Opinion to the queries on the subject:
The pump is going to experience the fluid which is mostly oily water. Most of which is water settled down by density difference and the pump is going to trip when the online analyzer detects more oil. Then isn't adding vapor pressures an overestimation of the actual vapor pressure at pump suction?
No, it is not overestimation. Water and oil is practically immiscible (solubility of one to other approaches 0), so vapor pressure of the pumped liquid is the sum of vapor pressures of water and oil at max operating temperature, irrespectively of the proportions. Raoult's law is not applicable here. If oil content were 0, then vapor pressure would be that of pure water.
Even in case of oily water, NPSHa is not expected to rise to a level too high for a pump (seeing that crude is not heated).

Is the ring for interconnecting the drawoff sumps in large tanks a normal practice?

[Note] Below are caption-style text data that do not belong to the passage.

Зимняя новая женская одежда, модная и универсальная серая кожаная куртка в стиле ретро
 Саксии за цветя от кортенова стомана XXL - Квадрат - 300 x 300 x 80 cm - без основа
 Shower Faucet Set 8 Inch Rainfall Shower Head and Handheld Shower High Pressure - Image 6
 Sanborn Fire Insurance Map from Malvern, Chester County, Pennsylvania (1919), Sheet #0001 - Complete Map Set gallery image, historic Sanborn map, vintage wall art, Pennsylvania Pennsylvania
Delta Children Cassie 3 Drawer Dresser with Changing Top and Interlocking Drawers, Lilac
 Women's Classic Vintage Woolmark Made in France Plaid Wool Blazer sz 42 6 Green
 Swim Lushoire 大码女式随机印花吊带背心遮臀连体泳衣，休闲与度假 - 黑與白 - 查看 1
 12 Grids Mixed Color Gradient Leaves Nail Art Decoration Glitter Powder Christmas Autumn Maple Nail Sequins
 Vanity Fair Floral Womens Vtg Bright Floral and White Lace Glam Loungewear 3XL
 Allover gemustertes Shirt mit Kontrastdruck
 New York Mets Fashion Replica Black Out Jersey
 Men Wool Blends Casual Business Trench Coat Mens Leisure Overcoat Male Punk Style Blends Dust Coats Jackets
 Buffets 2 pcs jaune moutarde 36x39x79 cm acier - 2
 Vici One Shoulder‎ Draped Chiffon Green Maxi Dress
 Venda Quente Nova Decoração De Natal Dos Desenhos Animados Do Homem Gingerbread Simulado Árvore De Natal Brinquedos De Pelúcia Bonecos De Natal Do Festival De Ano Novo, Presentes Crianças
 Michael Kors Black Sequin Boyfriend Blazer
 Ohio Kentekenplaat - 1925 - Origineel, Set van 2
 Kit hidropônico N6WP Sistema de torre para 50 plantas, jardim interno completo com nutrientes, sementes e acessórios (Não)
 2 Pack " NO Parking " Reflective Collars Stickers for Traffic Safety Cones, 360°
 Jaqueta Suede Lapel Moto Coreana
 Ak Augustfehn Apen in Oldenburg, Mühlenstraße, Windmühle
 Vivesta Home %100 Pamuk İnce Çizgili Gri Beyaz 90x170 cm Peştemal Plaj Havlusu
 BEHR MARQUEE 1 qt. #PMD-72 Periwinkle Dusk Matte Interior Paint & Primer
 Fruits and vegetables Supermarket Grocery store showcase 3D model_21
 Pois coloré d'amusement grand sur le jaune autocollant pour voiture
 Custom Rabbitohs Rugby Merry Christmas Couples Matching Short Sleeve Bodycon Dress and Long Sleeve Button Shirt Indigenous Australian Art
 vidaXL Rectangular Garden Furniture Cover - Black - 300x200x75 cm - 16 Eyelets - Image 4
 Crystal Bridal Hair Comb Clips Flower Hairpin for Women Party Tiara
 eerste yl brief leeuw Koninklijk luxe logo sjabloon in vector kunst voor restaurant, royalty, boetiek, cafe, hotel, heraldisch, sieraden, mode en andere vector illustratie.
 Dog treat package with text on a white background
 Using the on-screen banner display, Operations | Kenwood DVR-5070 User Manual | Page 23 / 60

I haven't ever been to a site but if it is a normal practice, I think I can go with more than one sump and keep things simple.
The ring seems not to be a normal practice, I have not seen it or heard of it. One sump seems not to be a normal practice, either. Probably cone-down bottom instead of cone-up could settle the issue (see previous post by kkala).

I was talking of 2.4 m/s in 6" suction pipe not discharge pipe. I heard that there is a limit for max. suction velocity since high velocity may result in eddy formation which can cavitate pumps even when NPSHa is sufficient
The previous post meant that since 3 m/s has been recommended as limit for discharge pipe, erosion or vibrations (due to velocity) would be within acceptable limit in suction pipe of 2.4 m/s. Of course 2.4 m/s is not recommended for 6" suction pipe in practices, a limit would be 1.5 m/s or 1.5 psi/100 ft (whichever is stricter) according to a practice. We would accept higher values exceptionally, as long as static pressure was high enough to sustain required NPSHa.
Though not heard of it before, the eddy formation concept can have weight, seeing that eddies can create variation in local pressure and the minimum of these pressures should be considered in NPSHa calculation. Variation may not be wide in the specific case (Re~50000), yet assessment is not easy for me.
However I understand size higher than 6" can be used in this case (previous post).

At any case it seems now that this is a new installation, so some basic design concepts can be determined or revised. E.g. a cone-down tank would eliminate need of sumps and ring (I cannot tell operating difficulties of cone-down tanks versus cone-up tanks though).

Edited by kkala, 15 May 2010 - 01:44 AM.